Tuesday June 14, 2005
Application(popper) mis-behaving when using multiple LDAP servers
Application(popper) mis-behaving when using multiple LDAP servers
One of the interesting bugs (4809808)
I handled was related to
an application mis-behaving when multiple
LDAP servers were used
in a Native LDAP client. NS_LDAP_SERVERS
parameter in ldap client
profile indicates the list of LDAP
servers used. Services has done
pretty good analysis and provided
us with following information:
---x---
Customer is using the mailing application
qpopper 4.0.4 (please see
http://www.eudora.com/qpopper)
on a Solaris 9 system that has been
configured as a Native LDAP client.
This program performs some getpwnam()
or getspnam() calls that fail,
when there has been defined more than
one Directory Server (either by
IP-addresses or hostnames) in the
parameter NS_LDAP_SERVERS
of /var/ldap/ldap_client_file. It
works fine, when only one Directory Server
is defined in this parameter.
In case of failure, the following messages
become logged to /var/adm/messages:
Jan 24 12:10:00 hostname /src/net/qpopper/qpopper4.0.4/popper/popper[3011]:
[ID
293258 local0.error] libsldap: Status:
0 Mesg: Invalid server (10.10.10.10,) in
NS_LDAP_SERVERS
Jan 24 12:10:00 hostname last message
repeated 1 time
Jan 24 12:10:00 hostname /src/net/qpopper/qpopper4.0.4/popper/popper[3011]:
[ID
293258 local0.error] libsldap: Status:
2 Mesg: Unable to load configuration '/v
ar/ldap/ldap_client_file' ('Invalid
server (10.10.10.10,) in NS_LDAP_SERVERS').

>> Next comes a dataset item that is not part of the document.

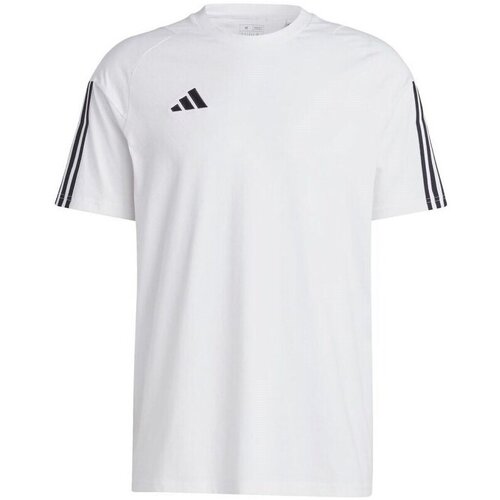 Adidas Tiro 23 Competition Bijela Slike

As the message "Invalid server (10.10.10.10,)"
shows, there is a comma at
the end of the string that contains
the IP-address of the 1rst Directory Server.
Also in a truss can be seen when the
function __s_val_serverList() is calling
__s_api_isipv4(), the function __s_api_isipv4()
is examining a string in the
length of the IP-address plus the
comma. This means the wrong string (incl.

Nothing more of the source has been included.